Мы узнаем, что Пастернак «над строчкой подолгу не бился и, если не удавалась одна строка, с легкостью заменял строфу целиком» (с. 56) (хулиган Маяковский, надо думать, рифмы ради злобно оклеветал его в стихах о царице Тамаре: «И пусть, озверев от помарок, про это пишет себе Пастернак»). Похоже, что с сохранившимися и опубликованными черновиками Быков ознакомиться не удосужился, ну да бог с ним.
Но чем дальше, тем все отважнее токует глухарь-биограф: Пастернак «мыслил (…) не строчками, а долгими строфическими периодами. В зрелости слов стало меньше – но метод не изменился: основной единицей в мире Пастернака было не слово, а строфа» (с. 57). «Работают не слова, а цепочки – метафорические, звуковые, образные; по отдельности все – бессмыслица или неуклюжесть, но вместе – шедевр. (…) Отдельное слово в его стихах не существует. Слова несутся потоком, в теснейшей связи («все в комплоте»), они связаны по звуку, хотя часто противоположны по смыслу и принадлежат к разным стилевым пластам. На читателя обрушивается словопад, в котором ощущение непрерывности речи, ее энергии и напора, щедрости и избытка важнее конечного смысла предполагаемого сообщения» (с. 141).
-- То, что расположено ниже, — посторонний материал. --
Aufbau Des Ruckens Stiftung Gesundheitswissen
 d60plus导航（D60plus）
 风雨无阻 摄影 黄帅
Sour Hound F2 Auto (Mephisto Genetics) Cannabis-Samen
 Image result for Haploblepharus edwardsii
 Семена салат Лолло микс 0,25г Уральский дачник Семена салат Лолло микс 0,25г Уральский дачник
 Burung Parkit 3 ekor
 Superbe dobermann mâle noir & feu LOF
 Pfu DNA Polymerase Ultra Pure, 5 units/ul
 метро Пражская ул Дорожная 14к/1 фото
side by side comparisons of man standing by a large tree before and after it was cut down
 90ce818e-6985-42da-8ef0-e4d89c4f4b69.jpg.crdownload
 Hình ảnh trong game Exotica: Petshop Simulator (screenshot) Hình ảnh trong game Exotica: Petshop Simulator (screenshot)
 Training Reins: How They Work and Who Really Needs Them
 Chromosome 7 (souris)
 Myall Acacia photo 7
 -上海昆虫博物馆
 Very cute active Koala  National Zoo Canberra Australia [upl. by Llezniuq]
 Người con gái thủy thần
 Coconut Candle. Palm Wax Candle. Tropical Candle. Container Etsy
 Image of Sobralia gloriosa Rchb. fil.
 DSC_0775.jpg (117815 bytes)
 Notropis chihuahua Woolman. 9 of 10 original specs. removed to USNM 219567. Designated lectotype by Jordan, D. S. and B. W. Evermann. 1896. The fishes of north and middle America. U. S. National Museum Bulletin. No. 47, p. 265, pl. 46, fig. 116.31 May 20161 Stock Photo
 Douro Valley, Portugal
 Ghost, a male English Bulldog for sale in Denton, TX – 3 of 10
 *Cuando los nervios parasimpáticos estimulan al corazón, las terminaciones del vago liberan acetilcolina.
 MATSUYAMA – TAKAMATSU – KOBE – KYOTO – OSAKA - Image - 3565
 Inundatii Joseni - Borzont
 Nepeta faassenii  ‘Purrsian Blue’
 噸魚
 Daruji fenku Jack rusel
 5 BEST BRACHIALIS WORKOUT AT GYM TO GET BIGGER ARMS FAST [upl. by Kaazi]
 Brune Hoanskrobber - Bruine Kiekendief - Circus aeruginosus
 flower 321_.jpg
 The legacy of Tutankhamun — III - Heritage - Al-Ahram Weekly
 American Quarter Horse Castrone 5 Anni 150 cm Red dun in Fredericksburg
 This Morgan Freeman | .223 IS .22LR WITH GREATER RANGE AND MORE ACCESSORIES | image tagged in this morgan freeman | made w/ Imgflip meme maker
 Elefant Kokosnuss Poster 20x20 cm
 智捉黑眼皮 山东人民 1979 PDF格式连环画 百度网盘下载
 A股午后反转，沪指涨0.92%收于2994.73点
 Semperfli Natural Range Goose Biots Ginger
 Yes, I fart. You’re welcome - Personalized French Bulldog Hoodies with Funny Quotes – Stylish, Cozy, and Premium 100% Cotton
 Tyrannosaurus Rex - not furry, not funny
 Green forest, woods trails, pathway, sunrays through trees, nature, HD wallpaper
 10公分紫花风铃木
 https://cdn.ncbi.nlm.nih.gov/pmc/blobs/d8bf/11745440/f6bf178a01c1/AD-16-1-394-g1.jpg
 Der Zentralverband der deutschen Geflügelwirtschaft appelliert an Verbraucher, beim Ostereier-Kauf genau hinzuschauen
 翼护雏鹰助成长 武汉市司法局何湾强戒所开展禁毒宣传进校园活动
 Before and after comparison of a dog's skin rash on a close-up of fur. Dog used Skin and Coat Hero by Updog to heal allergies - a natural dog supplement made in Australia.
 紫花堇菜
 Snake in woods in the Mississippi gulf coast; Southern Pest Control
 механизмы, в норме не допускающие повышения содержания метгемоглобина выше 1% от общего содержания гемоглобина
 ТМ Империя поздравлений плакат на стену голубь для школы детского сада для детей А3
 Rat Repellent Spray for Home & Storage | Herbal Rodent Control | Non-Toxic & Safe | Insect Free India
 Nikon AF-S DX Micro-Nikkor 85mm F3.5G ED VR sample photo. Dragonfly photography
Вся эта несусветная чушь подкрепляется мнением авторитета: «Фазиль Искандер в блестящем эссе, посвященном проблеме внятности в лирике, уподобил впечатление от ранних стихов Пастернака разговору с очень пьяным, но интересным человеком. Ничего точнее этого уподобления нам встречать не приходилось» (с. 57). Над этим, как сказал бы классик, уже не хочется ни думать, ни зевать.
2
И тут важно не только то, что есть в книге Быкова, но и то, чего в ней нет, например – манифеста «Черный бокал» (1915) и Иннокентия Анненского. Очень сжато: в «Черном бокале» поэт говорит об учебе «новичков», молодых футуристов, у старейшин – символистов и импрессионистов. Освоив инвентарь и отказавшись от символизма, новые поэты пошли дальше – они научились укладке символов, их упаковке и дальнейшим передвижениям переносных смыслов. Если Быков не смог понять, о чем говорит Пастернак в «Черном бокале» (а по сути – во всем своем творчестве), то это – недомыслие, если смог и тем не менее скрыл – наглый подлог. Потому что все академически-научное «открытие» Быкова о великом «символистском» романе «Доктор Живаго» (десятки страниц биографии) случилось из-за неувязки в понимании азов символизма. «Доктор Живаго», действительно, роман тайн, сокрытых знаков, символических столкновений и мистических пересечений судеб. Но символическое – не значит символистское, это не «символистский» текст. Быков пишет: «Пастернаковский роман – проза более символистская, чем все книги Белого, Сологуба и Брюсова вместе взятые» (с. 819). Читать «Черный бокал» нужно внимательнейшим образом, следя за непрерывными подвохами и словесными играми: «В искусстве видим мы своеобразное extemporale, задача коего заключается в том единственно, чтобы оно было исполнено блестяще». Искусство, по Пастернаку, в том, чтобы по доброй воле отважиться покуситься на приготовление истории к завтрашнему дню, приспособить прошлое к встрече с будущим. «Экстемпорале» – это «импровизация», но в гимназии это слово означало «классное письменное упражнение, состоящее в переводе с родного языка на иностранный (прежде всего – латинский или греческий) без предварительной подготовки». Пастернак разбивает, разделяет, разлагает (об этом тоже идет речь в статье – о «разложении действительности») слово «экс-темпо-рале» и получает небывалое «былое время» – то самое прошедшее, которое без предварительной подготовки нужно перевести в будущее и сделать это блестяще. Финал манифеста: «И скажите же теперь: как обойтись без одиноких упаковщиков, без укладчиков со своеобразным душевным складом, все помыслы которых были постоянно направлены на то единственно, как должна сложиться жизнь, чтобы перенесло ее сердце лирика, это вместилище переносного смысла, со знаком черного бокала и с надписью: «Осторожно. Верх»» (IV, 359).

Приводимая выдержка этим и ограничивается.